Après différents essais, les critiques de la presse sont favorables à ce moteur : il est jugé brillant, souple, relativement silencieux, son bruit est plus agréable que les R4 précédents et quel que soit le régime, les vibrations sont inexistantes. L'embrayage à bain d'huile est parfait et le passage des vitesses se fait sans aucun tâtonnement, rien à voir donc avec les boîtes des blocs 4 vitesses dont la sélection était parfois imprécise.

La consommation est aussi l'un des critères lors de l'élaboration d'une telle mécanique : à 50 km/h, on ne consomme que 1,8 litre pour atteindre 3 litres à 70-75 km/h, ce qui représente la vitesse de croisière de la moto ainsi équipée.
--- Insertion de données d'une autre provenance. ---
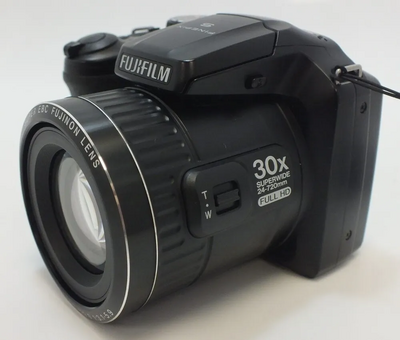 Fujifilm Finepix s6800 Image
A fond, monté sur une R4D, avec le pilote en position effacée et au régime de 6 700 tr/mn, la consommation est légèrement inférieure à 4 litres : il semble donc que les études aient porté leurs fruits.


Un nouveau modèle : la R4D

La grosse nouveauté de ce Salon 55 pour Gnome & Rhône est le nouveau modèle baptisé R4D, élaboré autour du nouveau moteur décrit plus haut : R4 pour 125 cm3 trois vitesses, dans la lignée des R4 ancienne génération, et D par ordre chronologique. Cette machine reçoit la nouvelle motorisation à commande de vitesses par poignée tournante. Enfin et surtout, la partie-cycle est modernisée en adoptant une suspension arrière oscillante : il est temps !!! Cette belle partie-cycle équipée en outre d'une fourche Tiger allemande était d'ailleurs entièrement construite chez Follis à Lyon.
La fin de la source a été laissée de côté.